In ogni caso non si può parlare di un ritratto ma di un’immagine standardizzata , che, se può aver tenuto conto di elementi fisiognomici, esprimeva principalmente un valore simbolico, tanto che fu sufficiente cambiare gli attributi, e non il volto, per trasformarla in quella di Giustiniano.




Sebbene tra i due cicli musivi intercorrano non più di cinquant'anni, nondimeno si notano differenze stilistiche.
I mosaici teodoriciani, nelle due fasce più in alto, sono più legati alla tradizione romana, perché ricchi di spunti realistici: descrizione del paesaggio, plasticità delle figure, gesti e azioni molto naturali, ambienti e situazioni realistiche.
Le scene evangeliche sono descritte come episodi di vita quotidiana, come per attestarne la verità storica. In particolare, le scene con gli episodi della Passione e della Resurrezione, eccellono nella qualità cromatica e nella ricchezza espressiva.
 L'ultima cena è una scena in cui Gesù è triste e gli apostoli hanno espressioni variamente sconcertate di fronte alla sue parole.
Il bacio di Giuda è una scena vivace e di grande chiarezza comunitativa.
Appartiene alla serie teodoriciana anche la scena con il Giudizio Finale, che rispetto al naturalismo delle altre è più astratta e simbolica. Nella composizione simmetrica, si vede la figura centrale di Gesù fiancheggiata dai due angeli mentre divide le pecore dai capretti. In questo caso tutti gli elementi visivi tendono a esaltare la dimensione sacra, soprannaturale, facendo perdere alle figure la fisicità e concretezza ravvisabile nelle altre scene evangeliche. Lo spazio è ridotto, i volumi tendono ad appiattirsi per via delle stesure cromatiche più uniformi e l'assenza delle ombre, i personaggi sono visti come apparizioni immateriali e divine. Anche i visi sono simili tra loro, hanno grandi occhi con sguardi rivolti all'infinito.

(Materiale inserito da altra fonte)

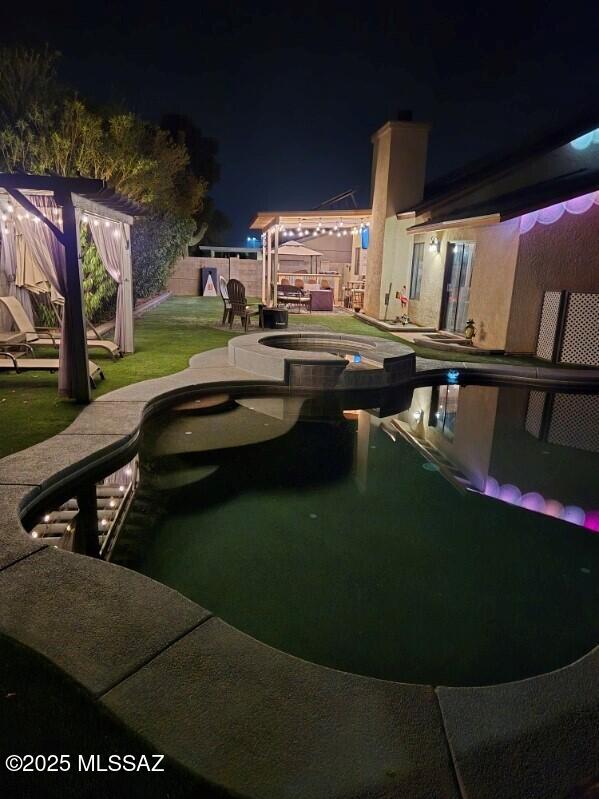 9650 N Gyor Pl, Tucson, AZ 85742 - pool at twilight featuring a patio and a pool with connected hot tub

La dimensione ultraterrena e il senso di eternità sono trasmesse anche dai gesti bloccati nell'assenza di movimento.



Il Giudizio finale: Cristo divide le pecore dai capretti

“…quando il figlio dell’uomo verrà nella sua gloria, e tutti i santi angeli con lui, allora egli si siederà nel trono della sua gloria, … e saranno riunite davanti a lui tutte le nazioni della terra e dividerà le une dalle altre, come il pastore divide le pecore dai capretti … e porrà le pecore alla sua destra e i capretti alla sua sinistra … (Matteo XXIV, 31-33).

I mosaici giustinianei, con i due cortei, dei martiri e delle sante, sono di gusto più orientaleggiante e più astratto, cioè più bizantini. I paesaggi non esistono più, rimangono solo pochi elementi simbolici. Le figure non hanno più volume, sembrano sospese in aria, hanno contorni che le appiattiscono. Tutte le forme sono geometrizzate, i gesti sono convenzionali.
Non si cerca più la somiglianza con la natura, ma un'immagine fantastica, irreale, spirituale.
Si punta sull'effetto ritmico, sui colori vivaci e le decorazioni ricche.
Non si rappresenta la realtà ma un mondo superiore: quello del Paradiso, dove non esiste la materia, ma solo lo spirito. E tutto è permeato dalla presenza divina.